The complaint states that Velissaris engaged in this fraud prior to the COVID-19 global pandemic, but the scope and scale of the fraud increased as he tried simultaneously to mitigate against, and also take advantage of, the unprecedented market volatility caused by the pandemic. As alleged, Velissaris executed his scheme by intentionally corrupting the independent, third-party pricing service models that Infinity Q used and touted to customers to value swaps held by the two commodity pools.
The complaint also alleges that Velissaris accomplished his scheme by, among other methods, surreptitiously inputting false information into the models; changing the models' standard underlying computation codes; and using improper pricing templates to guarantee the pricing service would return whatever artificial values he wanted rather than the values that the independent pricing service models would produce without Velissaris's nefarious actions. Using these fraudulent valuations, the complaint alleges, Velissaris successfully caused Infinity Q to show hundreds of millions of dollars in false, exaggerated gains, creating a false record of success that Infinity Q in turn used to charge inflated fees, induce existing pool participants to commit additional monies, and lure in new participants.
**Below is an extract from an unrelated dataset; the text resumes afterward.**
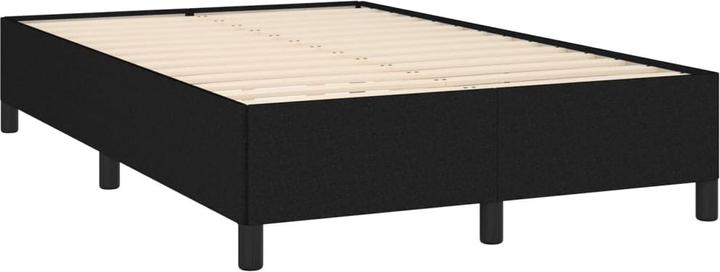 Produktbild VidaXL Bo x springbett mit Matratze 120 x 190 cm Stoff (120 x 190 cm)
According to the complaint, Velissaris also took various steps to conceal his fraud, including providing falsified swap term sheets to Infinity Q's auditors; surreptitiously making retroactive changes to Infinity Q's written valuation policy; and creating phony minutes for meetings of Infinity Q's valuation committee that never happened. The impact of Velissaris's fraudulent scheme was massive, resulting in the overvaluation of the funds managed by Infinity Q in certain months by more than $1 billion.